**WORK REQUIRED:** With the material below, print exactly the lines between the line holding "Щоденні прокладки Natural" and the line holding "ヒッポ創立40周年記念イベントを開催いたしました。｜トピックス", inclusive. Add nothing else.

**AVAILABLE RECORDS:**
++++++++++++++++++++

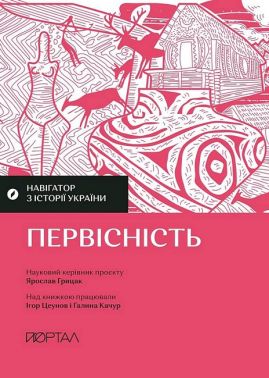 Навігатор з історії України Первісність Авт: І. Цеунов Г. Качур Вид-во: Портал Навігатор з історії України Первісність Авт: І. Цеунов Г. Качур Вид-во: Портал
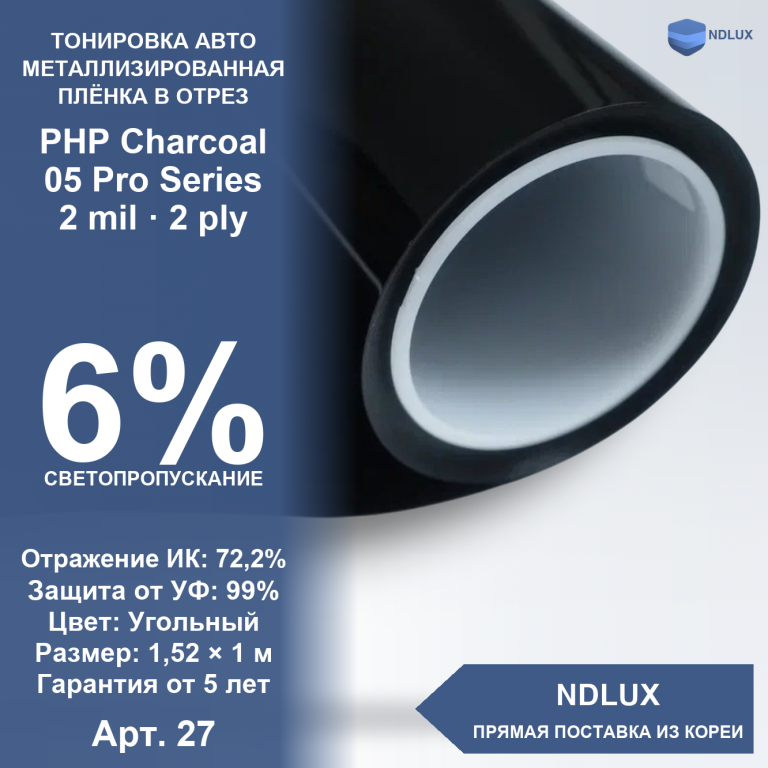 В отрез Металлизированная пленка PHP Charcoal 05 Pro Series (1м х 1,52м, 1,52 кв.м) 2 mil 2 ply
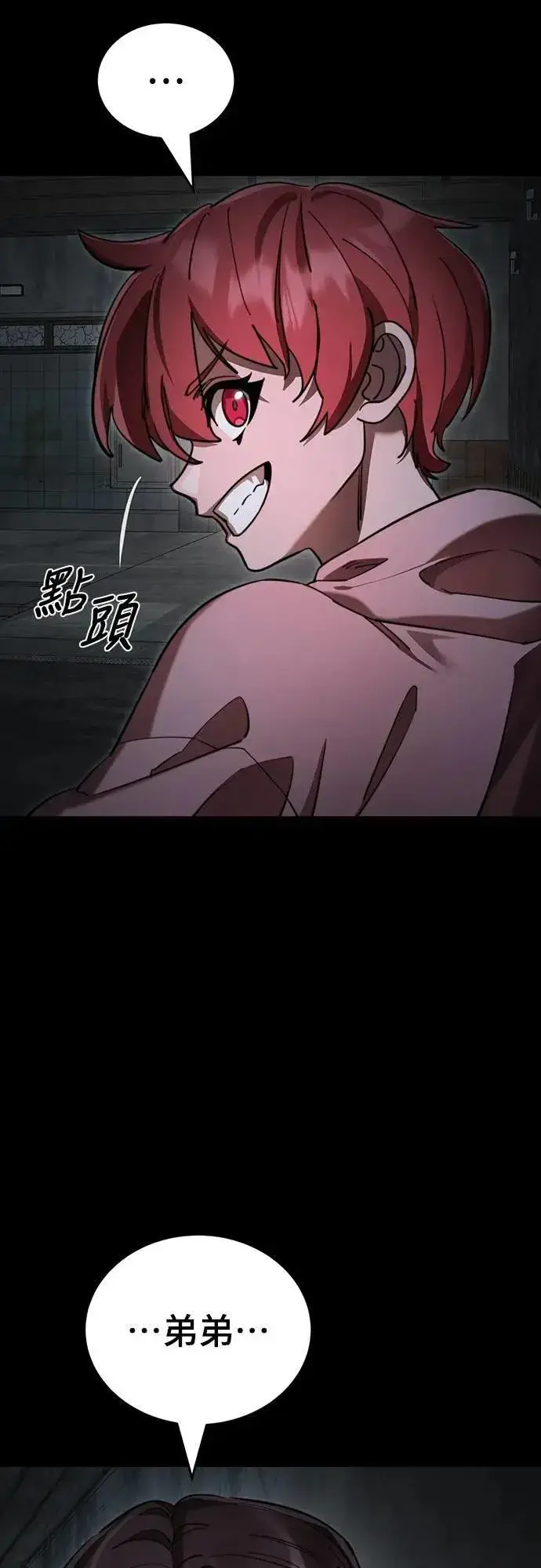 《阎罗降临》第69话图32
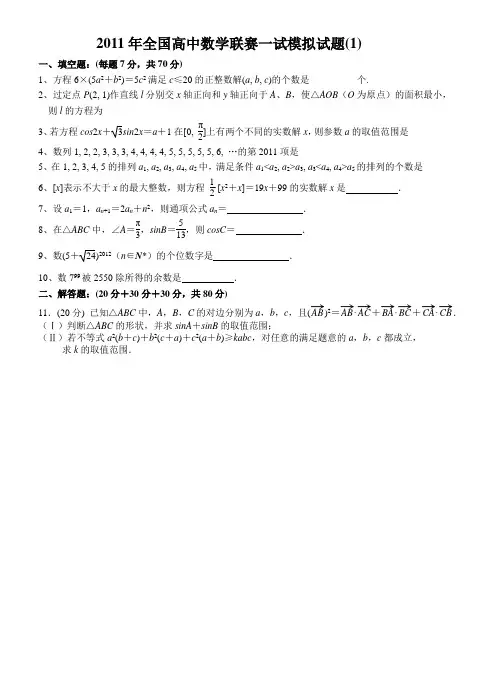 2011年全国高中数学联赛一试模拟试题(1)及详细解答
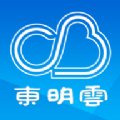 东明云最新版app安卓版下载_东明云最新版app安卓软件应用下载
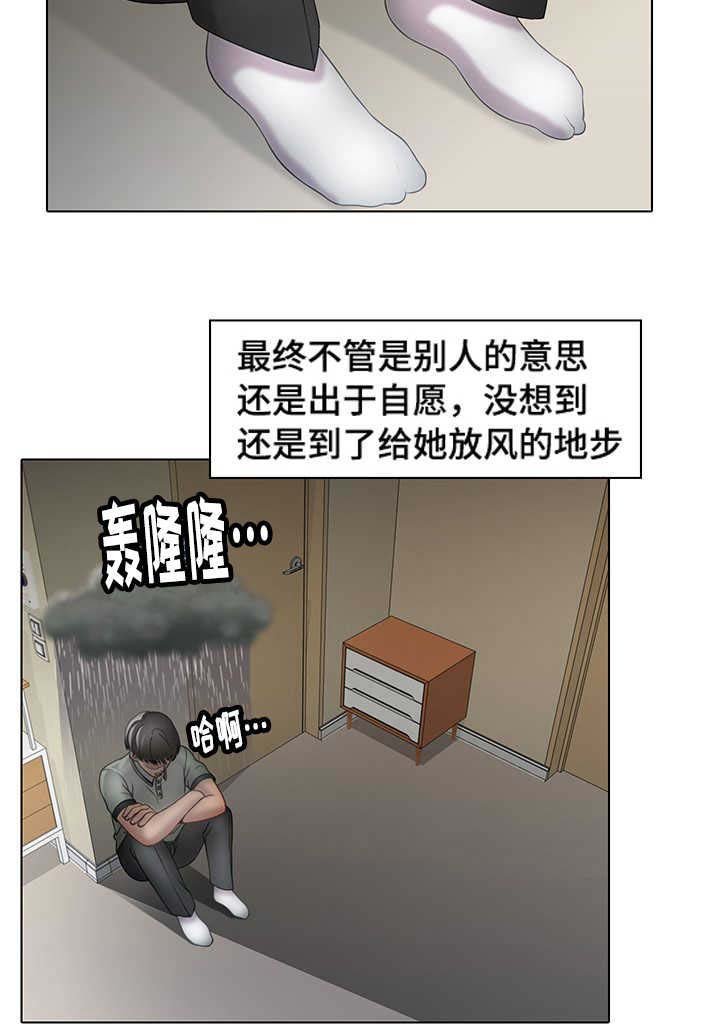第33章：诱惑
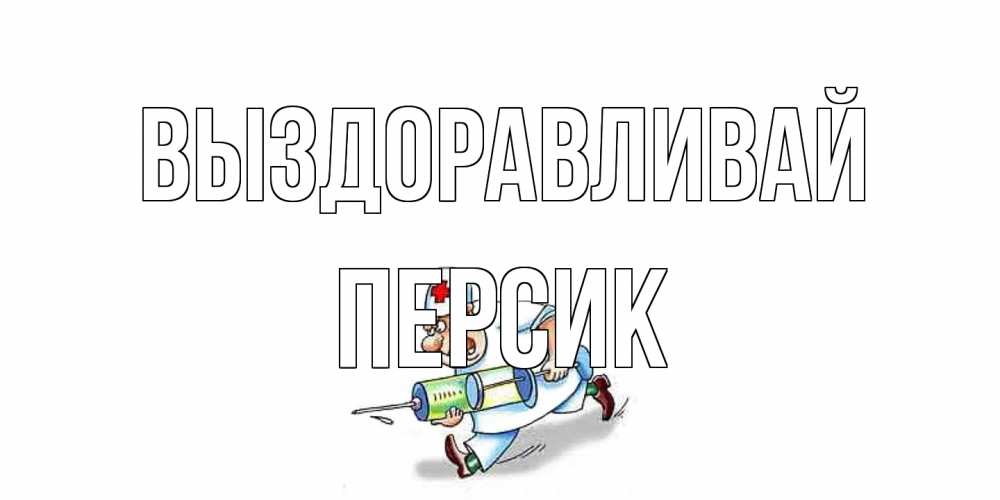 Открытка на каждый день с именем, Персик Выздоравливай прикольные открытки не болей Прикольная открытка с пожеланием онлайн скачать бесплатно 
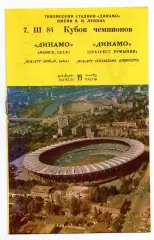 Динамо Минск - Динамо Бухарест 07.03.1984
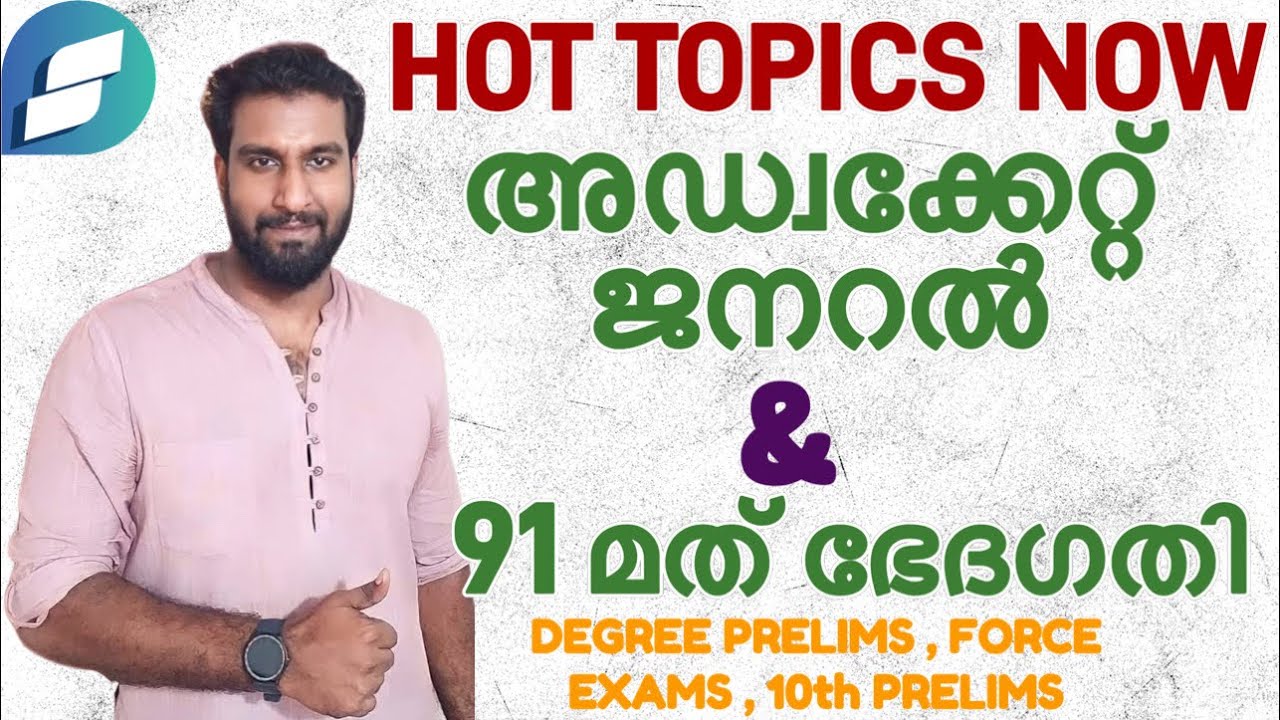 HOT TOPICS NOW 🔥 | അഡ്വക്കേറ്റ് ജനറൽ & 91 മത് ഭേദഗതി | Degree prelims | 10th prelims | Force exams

++++++++++++++++++++

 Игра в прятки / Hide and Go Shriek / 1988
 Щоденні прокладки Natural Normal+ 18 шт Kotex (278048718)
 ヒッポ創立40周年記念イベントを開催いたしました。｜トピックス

++++++++++++++++++++

**RESPONSE AREA:**
 Щоденні прокладки Natural Normal+ 18 шт Kotex (278048718)
 ヒッポ創立40周年記念イベントを開催いたしました。｜トピックス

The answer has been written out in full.